There are always templates:

// number of items in an array
template< typename T, size_t N > size_t ArraySize (T (&) [N]){ return N; }

Example:

int foo [] = { 42, 56, 78, 34, 11 };

// number of items in an array
#define ARRAY_SIZE(x) (sizeof(x) / sizeof((x)[0]))
template< typename T, size_t N > size_t ArraySize (T (&) [N]){ return N; }

void setup ()
  {
  Serial.begin (115200);
  Serial.println ();
  Serial.print ("using #define:  ");
  Serial.println (ARRAY_SIZE (foo));
  Serial.print ("using template: ");
  Serial.println (ArraySize (foo));
   }  // end of setup
void loop () { }

Output:

using #define:  5
using template: 5

If you comment-out one and then the other method the generated code size is the same. (2278 bytes on the Uno).


Rather interestingly though, this uses more program memory (2380 bytes):

int foo [] = { 42, 56, 78, 34, 11 };

void setup ()
  {
  Serial.begin (115200);
  Serial.println ();

  Serial.print ("using literal:   ");
  Serial.println (5);
  }  // end of setup

void loop () { }

To get back to 2278 bytes I had to change the println line to read:

  Serial.println ((size_t) 5);

Now most people wouldn't think to do that. The conclusion is that salting literal values through your code not only makes it harder to read and debug, but may even use more space rather than less.

AWOL:
If there are no indirect references to the "const" then the compiler is free to optimise them away...

What's an indirect reference to a const? Can you give an example?

[quote author=Nick Gammon link=topic=264244.msg1864774#msg1864774 date=1409604836]To get back to 2278 bytes I had to change the println line to read:

  Serial.println ((size_t) 5);

[/quote]

  • Serial.println ( 5);
    The literal is signed in this example, and unsigned when cast to a size_t. This calls a different overload of print::println(), and the signed version has a little extra code to handle negative numbers.

Now most people wouldn't think to do that. The conclusion is that salting literal values through your code not only makes it harder to read and debug, but may even use more space rather than less.

You can avoid this by using an integer literal suffix, the line below should produce code equivalent to using the size_t cast:

Serial.println ( 5ul );
void setup ()
  {
  Serial.begin (115200);
  Serial.println ();

  Serial.print ("using literal:   ");
  Serial.println (5ul);
  }  // end of setup

void loop () { }

2264 bytes. :slight_smile:

  Serial.println (5u);

Gives 2278 bytes.

But who writes code like that?

How many kids do you have?

Response:

5 (unsigned).

An array of constants used for linear interpolation (may have syntax errors)...

float const C[] const = ( 36, 1274, 283745 );

The compiler optimizes away the array if the array index is always a compile time constant...

C[0]

The array is brought into SRAM if the array index is variable...

for ( i=0; i < 3; ++i )
Serial.println( C [ i ] );

Edited to make example clearer.

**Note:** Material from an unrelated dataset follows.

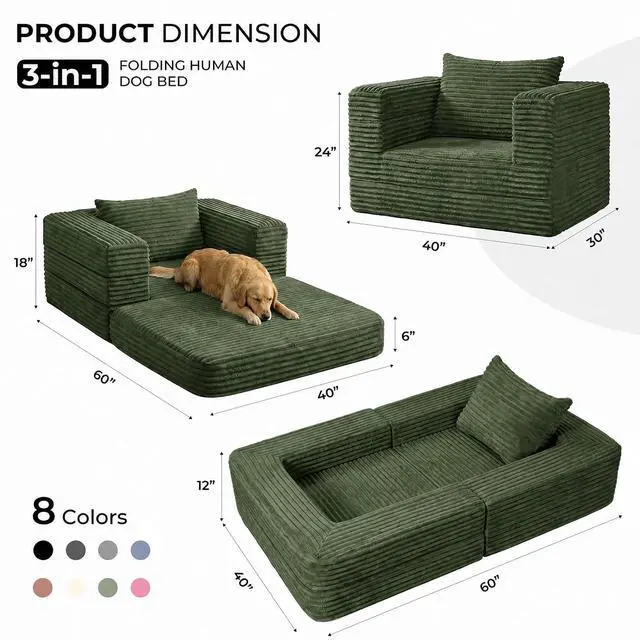 Alt view image 2 of 7 - Futon Sofa Bed,3-in-1 Convertible Sofa Bed with Pillow,Folding Sofa Bed with Removable Cover,Sleeper Sofa Bed Couch,Boneless Couches for Living Room, Bedroom,Twin,Green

AWOL

AWOL, I fear your edits may have been lost to the ether. We appear to have been editing simultaneously. I apologize. And am finished for the night.

Good night to all!

There are (at least) 3 different places your constant could be "stored".

  1. In SRAM.

  2. In the instruction, eg Load(,4); A single instruction can be used and the data is with in the instruction.

  3. In a register. With or without an address in SRAM for the constant.

Options 3 also so applies to vars not just constants.

If your are going to look at this you need to keep an eye on the size of the code as well as the SRAM usage. The complexity/size of the program will also effect where the compiler stores things, as will the number of vars/constants.

Mark

holmes4:
There are (at least) 3 different places your constant could be "stored".

  1. In SRAM.

  2. In the instruction, eg Load(,4); A single instruction can be used and the data is with in the instruction.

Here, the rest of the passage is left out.